Curiosamente, todos compareceram, exceto os maiores bancos no segundo encontro. Fiquei me perguntando sobre as razões dessa ausência notada em apenas uma das duas ocasiões. Ambos realizados em São Paulo, o primeiro em agosto no icônico prédio da Bienal do Ibirapuera, a Febraban Tech 2022 e o segundo evento, o Fintouch 22, que foi realizado em setembro, no arrojado Um Rooftop.

No Febraban Tech, congresso e exposição de tecnologia das informações das instituições financeiras, é notável o peso e a longa tradição da federação dos bancos, além do interesse direto da grande indústria de tecnologia. O evento atraiu, somados os seus três dias, 25 mil visitantes e uma coleção de personalidades entre palestrantes, debatedores e altos executivos, além de numerosos estandes. Merecem destaque, entre os presentes, Roberto Campos Neto, presidente do Banco Central; Ban Ki-Moon, ex-secretário-geral da ONU; Paul Krugman, Nobel de Economia; além de praticamente todos os presidentes dos maiores bancos do país.

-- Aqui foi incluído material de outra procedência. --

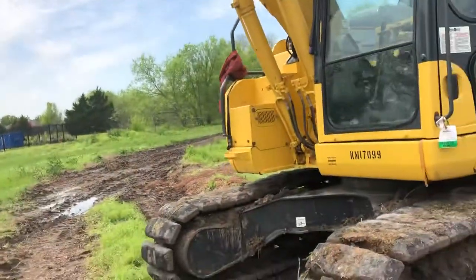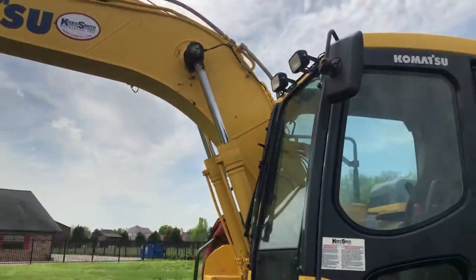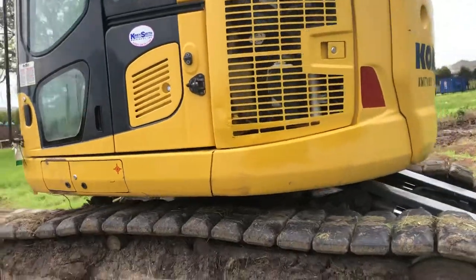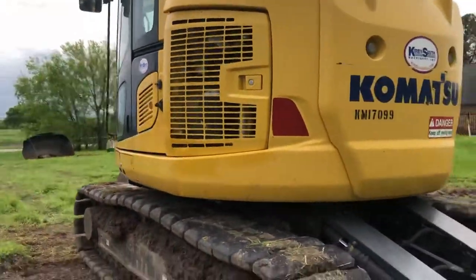Here's another Komatsu, similar to the other one we're looking at, with the plow. Nice and squishy.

Já no Fintouch 22, evento promovido pela ABFintechs, a Associação Brasileira de Fintechs, circularam 600 visitantes e se apresentaram 80 palestrantes. Entre eles, por meio de uma saudação especialmente gravada para a abertura, novamente o presidente do Banco Central, Roberto Campos. Todo o encontro foi notavelmente vibrante e contou com 18 painéis, nos quais se reuniram representantes de órgãos governamentais, entidades de pesquisa, algumas delas estrangeiras, e atores de destaque do ecossistema de inovação e do mundo ESG. Naturalmente, a ocasião reuniu praticamente todos os fundadores das principais fintechs do País.

Para aqueles que desfrutaram do privilégio de circular entre os estandes e sentir a eletricidade no ar em várias palestras e vários debates dos dois eventos, o fato que não passou despercebido foi a ausência dos grandes bancos no Fintouch. Aliás, algo inesperado e até mesmo surpreendente. Afinal de contas, todo o planeta financeiro vive a era do rebundling.

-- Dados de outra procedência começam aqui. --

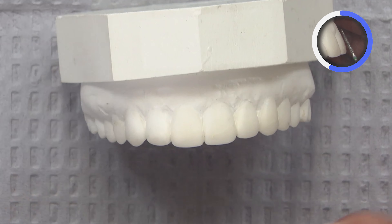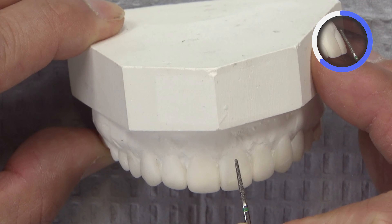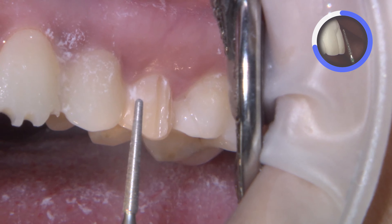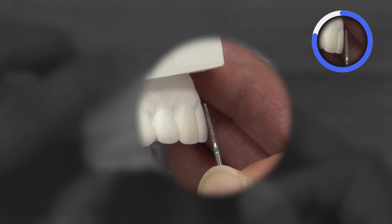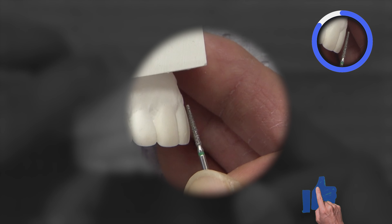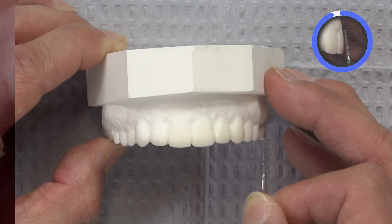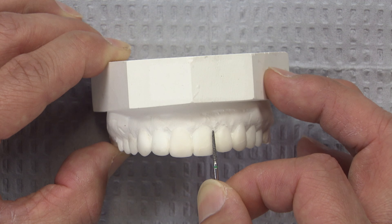The tip of this burr is approximately 0.8 millimeters in diameter. I create the depth cuts on the facial aspect first along the gingival margins, ensuring that I get down to where the tip of the burr is buried, and then transition and round this over. Since this surface is flat, I ensure the marginal depth cuts are created first, then roll over to the incisal edges on each tooth. I create three along the facial and one on each of the line angles to make sure enough reduction is created in those aspects.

O unbundling corresponde a uma primeira onda de transformação do setor financeiro, uma espécie de desagregação dos serviços antes oferecidos com exclusividade pelos bancos, que atuavam como one-stop-shop para os produtos financeiros. Esse movimento resultou especialmente do surgimento das fintechs focadas em serviços inovadores em meios de pagamento, conta corrente, investimentos e cartões, entre outros. Já o rebundling traçou um caminho de volta ao “tudo em um só lugar”, à medida que bancos incumbentes passaram a oferecer produtos e serviços adicionais, em boa parte graças a uma significativa onda de fusões e aquisições com empresas de tecnologia e startups.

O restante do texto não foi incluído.